Empreinte Carbone : Poisson vs Viande - Quel Impact sur la Planète ?

L’alimentation pèse environ un quart de l’empreinte carbone des ménages. Les aliments représentent environ un quart de l’empreinte carbone des consommateurs (calcul qui prend en compte les méthodes de production agricole, les transports…). Certaines estimations sont même supérieures.

Source: Sami

Quand on parle d’empreinte carbone, on pense spontanément aux trajets en voiture, à l’avion ou au chauffage. Chaque repas a un impact carbone, plus ou moins élevé selon les aliments qui le composent. Certains aliments comme le steak de bœuf, le café ou l’avocat ont une forte empreinte carbone.

1. La Viande : N°1 sur le Podium de l’Empreinte Carbone

Premier constat, la viande est bien plus émettrice de gaz à effet de serre que tous les autres aliments (céréales, légumineuses, fruits et légumes). En termes d’émission de gaz à effet de serre (GES), la production de viande affiche une empreinte carbone très élevée.

L’élevage de bœuf, en particulier lorsqu’il s’agit d’élevage intensif ou lorsqu’il est mené sur des terres déboisées comme c’est le cas en Amérique latine, occupe la première marche du podium. Produire 1 kg de protéines sous forme de viande de bœuf émet en moyenne 99,5 d’équivalent CO2, loin devant les autres protéines animales, poisson d’élevage compris (1).

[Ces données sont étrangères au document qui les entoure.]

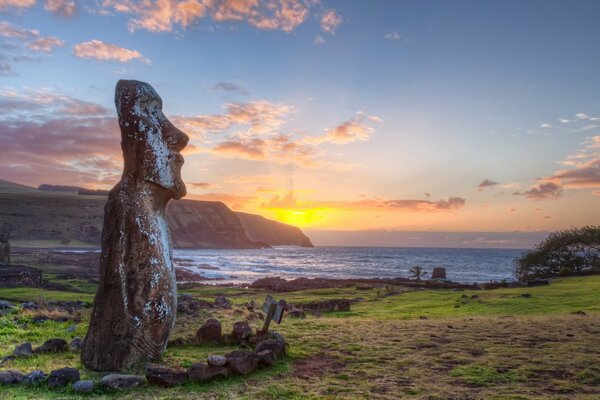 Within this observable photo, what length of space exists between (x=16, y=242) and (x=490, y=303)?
146919mm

La production de 100 g de steack (environ 25 grammes de protéines) génère l’équivalent de 12 kg de CO2 (autant qu’une voiture roulant sur 120 km). Ce, sans compter les émissions de méthane (CH4) des ruminants, ou les autres impacts environnementaux de ce type de production : consommation d’eau, utilisation des terres et pollution de l’eau.

A titre de comparaison, le poisson d’élevage, la volaille ou le porc produisent presque dix fois moins de CO2. Pour une même quantité de protéines (100 g), le tofu génère seulement 500 grammes d’équivalent CO2 (20 fois moins que la viande de bœuf), les légumes secs entre 100 et 250 grammes d’équivalent CO2 (50 à 100 fois moins que le bœuf).

Par comparaison à la viande, céréales, fruits et légumes sont des petits responsables d’émissions de gaz à effet de serre. Cet effet carbone modéré n’interdit pas de rationaliser certaines habitudes de consommation de fruits et légumes.

Les cultures sous serre, chauffées 24 h sur 24, éclairées et ventilées, sont très fortement consommatrices d’énergie. On peut à bon escient limiter sinon stopper la consommation de tomates hors saison. On peut aussi se passer de fraises ou de cerises en hiver, éviter d’acheter les fruits tropicaux (ananas, mangues…), qui ont voyagé par avion.

Selon le WWF, un kilo d’avocats du Chili par bateau représente 600 grammes de CO2 et par avion plus de 20 fois plus (13 kilos). Un kilo d’asperges vertes espagnoles livrées par camion génère 1,5 kilo de CO2. Par avion du Pérou, l’impact carbone est de 15 kilos de CO2 !

Dans un contexte de changement climatique accéléré, l’une des mesures d’adaptation préconisées notamment par les experts du GIEC repose sur une diminution de la consommation de viande. Aussi certains sont-ils tentés de se reporter sur le poisson.

La consommation de viande représente à elle seule 10% de l’empreinte carbone moyenne des français·e·s. Pour comprendre l’impact des différents régimes alimentaires, voici un petit exercice. Intéressez-vous aux principes de la cuisine végétarienne.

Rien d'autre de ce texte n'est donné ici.